José Luis Vargas, Este es mi mundo. ¡Entra!

José Luis Vargas
Este es mi mundo. ¡Entra!
September 12 - October 31, 2020

Installation view José Luis Vargas, Este es mi mundo. ¡Entra!

Installation view José Luis Vargas, Este es mi mundo. ¡Entra!

Lowell Ryan Projects is pleased to present Este es mi mundo. ¡Entra! (This is My World. Come in!), a solo exhibition by the Puerto Rican artist José Luis Vargas (b. 1965, Puerto Rico). The show will feature nine of his large-scale free-hanging, hand-painted circus banners (painted over in mixed media) as well as two of his shopping cart assemblages. Centering his practice on found objects, Vargas plays off of the physicality, legacy, and symbolism of artifacts to create what the artist himself calls a “constellation for myth-making." With these materials he has constructed a familiar yet strange realm; his work manifests the kind of part historical, part fictive universe for which only the imagination can play host.
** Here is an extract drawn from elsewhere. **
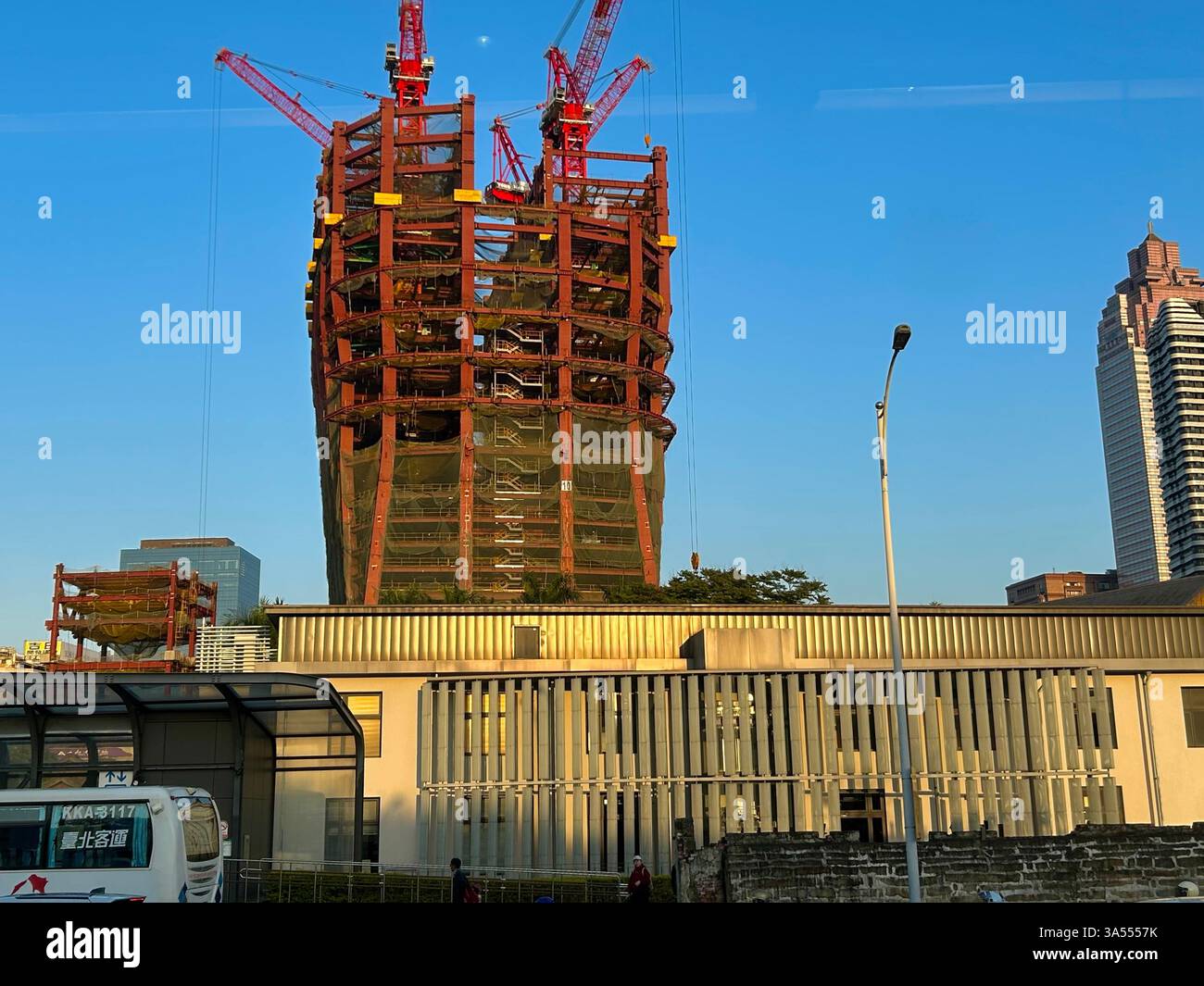Taipei, Taiwan, uffici, architettura moderna, cantiere, centro città, grattacieli "Twin Towers »" Foto Stock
Though for Vargas, the line between history and fiction is not so clear. He roots his artistic approach in a humanistic belief system––one that creates room for and gives credence to alternative narratives. Taking the world as a point of reference (from his time living in locations such as New York, London, Mexico City, Spain, and Switzerland) has laid bare the constructed-ness of culture and history. That kind of thinking can be a form of creative empowerment; it relegates every story (even one as seemingly objective as history) into the realm of the subjective, thereby leaving open the possibility for each of us to write our own personal histories.

All that is certain, in other words, is myth. And Vargas’ play out in a kind of junkyard universe––on retired circus banners and in cluttered shopping carts. Like the artist himself, these objects have traveled. The banners show the creases of their countless folds. The carts and the objects within have nicks, dents, and stains. In part, wear-and-tear is what lends the works a strange, spiritual quality: these discarded ephemera––transient things intended to have a short life span––have been reimagined, reincarnated into monuments of mythological proportion.

Yet the other-worldliness also comes from the marks Vargas has contributed: the barren desert scenes he has painted over the banners and the sculptures he has assembled inside the carts. These are landscapes of isolation, of nomadism, with lonely figures (such as the artist’s luchador-masked alter ego El Santo de Santurce) and supernatural elements that call to mind Odyssean wanderings updated for our material age.

Lost, is perhaps, as universal a feeling as love nowadays––so many people have been physically, geographically, economically, temporally, or existentially disoriented. How do we find our way when we cannot retrace our steps? In Este es mi mundo. ¡Entra!, we are presented with a first step: an invitation to embrace the unknown and enter into the unfamiliar, which is in fact the only place where true discovery can occur.

An interview with the artist accompanying the exhibition can be downloaded below.


Jose Luís Vargas (b. 1965 Santurce, Puerto Rico, lives and works in San Juan, Puerto Rico) is a visual and performance artist, teacher, community coordinator, and radio producer whose work takes history and culture as points of departure for creating personal mythologies that celebrate the eccentricities of humanity and potentialities of the imagination. Over the course of his over thirty-year career during which he has lived in New York, London, Mexico City, Spain, and Switzerland, he has focused on various collaborative artistic endeavors and in that same vein founded the Museum of Supernatural History – a collective project bringing together visual artists, performers, tattoo artists, filmmakers, musicians, photographers, and sound artists for events highlighting marginalized aspects of culture. 

Vargas received his BFA from Pratt Institute, New York in 1988 and studied at The Skowhegan School of Painting and Sculpture in Maine in 1991. In 1994 he received his MFA in painting from the Royal College of Art in London. Vargas also studied art education at Kensington and Chelsea College in London and has taught art courses and workshops in Puerto Rico, New York, and England for over 20 years. Vargas has exhibited at galleries including Lowell Ryan Projects, Los Angeles, CA; Carl Freedman Gallery, Margate, UK; Bill Brady Gallery, Miami, FL; 198 Gallery, London, UK; Roberto Paradise, San Juan, Puerto Rico; The Hole, New York, NY; Rachel Uffner Gallery, New York, NY; Marlborough Gallery, New York, NY; and Embajada, San Juan, Puerto Rico, and at museums including Museo de Arte, Caguas, Puerto Rico; Museum of Contemporary Hispanic Art, New York, NY; and Museo de Arte Contemporáneo, San Juan, Puerto Rico.